AIM OF THE TASK ▸
Pull out of the data below the stretch of lines bounded by the one containing "Amiri T-Shirt With Embroidered Logo - Grey" and the one containing "NJ license plate A82CDR", both bounds included, unchanged.

BEGIN TASK MATERIAL

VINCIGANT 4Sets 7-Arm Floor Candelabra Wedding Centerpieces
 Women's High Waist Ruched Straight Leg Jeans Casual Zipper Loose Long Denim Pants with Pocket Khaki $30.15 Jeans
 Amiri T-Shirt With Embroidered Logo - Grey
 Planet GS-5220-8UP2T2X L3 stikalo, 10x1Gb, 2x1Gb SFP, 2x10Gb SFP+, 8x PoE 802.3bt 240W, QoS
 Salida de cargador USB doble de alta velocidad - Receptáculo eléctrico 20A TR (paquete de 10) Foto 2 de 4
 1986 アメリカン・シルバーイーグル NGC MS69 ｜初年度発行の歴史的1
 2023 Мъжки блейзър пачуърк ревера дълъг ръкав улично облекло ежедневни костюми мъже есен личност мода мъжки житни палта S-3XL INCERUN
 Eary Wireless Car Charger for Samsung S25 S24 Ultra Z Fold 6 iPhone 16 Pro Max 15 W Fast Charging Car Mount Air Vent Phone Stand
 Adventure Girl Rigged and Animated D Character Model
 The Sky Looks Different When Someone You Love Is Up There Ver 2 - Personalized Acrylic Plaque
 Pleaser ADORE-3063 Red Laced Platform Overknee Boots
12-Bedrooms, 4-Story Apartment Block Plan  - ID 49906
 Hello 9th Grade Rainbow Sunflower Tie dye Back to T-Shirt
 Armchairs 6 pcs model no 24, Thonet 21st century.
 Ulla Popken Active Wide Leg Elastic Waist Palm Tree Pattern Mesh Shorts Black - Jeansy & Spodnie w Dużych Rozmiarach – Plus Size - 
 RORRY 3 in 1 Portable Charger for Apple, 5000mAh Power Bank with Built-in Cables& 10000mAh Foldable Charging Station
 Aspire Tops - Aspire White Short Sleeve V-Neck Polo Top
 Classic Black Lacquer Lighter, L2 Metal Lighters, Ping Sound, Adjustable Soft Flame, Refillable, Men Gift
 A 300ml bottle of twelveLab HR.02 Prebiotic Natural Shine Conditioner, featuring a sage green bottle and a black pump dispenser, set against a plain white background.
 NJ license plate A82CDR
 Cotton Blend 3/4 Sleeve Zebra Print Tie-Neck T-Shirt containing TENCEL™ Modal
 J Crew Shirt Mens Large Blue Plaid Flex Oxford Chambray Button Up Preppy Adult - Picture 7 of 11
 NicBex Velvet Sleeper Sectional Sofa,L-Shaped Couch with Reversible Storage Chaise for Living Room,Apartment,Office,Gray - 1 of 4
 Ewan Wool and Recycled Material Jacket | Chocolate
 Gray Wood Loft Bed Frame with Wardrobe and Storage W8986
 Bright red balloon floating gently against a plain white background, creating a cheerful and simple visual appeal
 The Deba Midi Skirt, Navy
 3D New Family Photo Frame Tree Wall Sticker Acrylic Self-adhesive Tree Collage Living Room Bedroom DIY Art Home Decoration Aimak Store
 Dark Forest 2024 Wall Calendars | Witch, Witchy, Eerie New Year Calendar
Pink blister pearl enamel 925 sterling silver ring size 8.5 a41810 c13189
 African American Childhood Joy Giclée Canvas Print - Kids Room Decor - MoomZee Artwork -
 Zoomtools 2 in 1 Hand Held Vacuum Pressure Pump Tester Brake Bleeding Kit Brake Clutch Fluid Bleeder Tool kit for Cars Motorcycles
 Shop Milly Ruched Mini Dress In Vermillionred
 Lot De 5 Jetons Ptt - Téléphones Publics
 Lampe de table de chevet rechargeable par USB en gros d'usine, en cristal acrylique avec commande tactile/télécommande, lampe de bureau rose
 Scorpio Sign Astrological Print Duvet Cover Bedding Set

END TASK MATERIAL

TASK RESULT ▸
 Amiri T-Shirt With Embroidered Logo - Grey
 Planet GS-5220-8UP2T2X L3 stikalo, 10x1Gb, 2x1Gb SFP, 2x10Gb SFP+, 8x PoE 802.3bt 240W, QoS
 Salida de cargador USB doble de alta velocidad - Receptáculo eléctrico 20A TR (paquete de 10) Foto 2 de 4
 1986 アメリカン・シルバーイーグル NGC MS69 ｜初年度発行の歴史的1
 2023 Мъжки блейзър пачуърк ревера дълъг ръкав улично облекло ежедневни костюми мъже есен личност мода мъжки житни палта S-3XL INCERUN
 Eary Wireless Car Charger for Samsung S25 S24 Ultra Z Fold 6 iPhone 16 Pro Max 15 W Fast Charging Car Mount Air Vent Phone Stand
 Adventure Girl Rigged and Animated D Character Model
 The Sky Looks Different When Someone You Love Is Up There Ver 2 - Personalized Acrylic Plaque
 Pleaser ADORE-3063 Red Laced Platform Overknee Boots
12-Bedrooms, 4-Story Apartment Block Plan  - ID 49906
 Hello 9th Grade Rainbow Sunflower Tie dye Back to T-Shirt
 Armchairs 6 pcs model no 24, Thonet 21st century.
 Ulla Popken Active Wide Leg Elastic Waist Palm Tree Pattern Mesh Shorts Black - Jeansy & Spodnie w Dużych Rozmiarach – Plus Size - 
 RORRY 3 in 1 Portable Charger for Apple, 5000mAh Power Bank with Built-in Cables& 10000mAh Foldable Charging Station
 Aspire Tops - Aspire White Short Sleeve V-Neck Polo Top
 Classic Black Lacquer Lighter, L2 Metal Lighters, Ping Sound, Adjustable Soft Flame, Refillable, Men Gift
 A 300ml bottle of twelveLab HR.02 Prebiotic Natural Shine Conditioner, featuring a sage green bottle and a black pump dispenser, set against a plain white background.
 NJ license plate A82CDR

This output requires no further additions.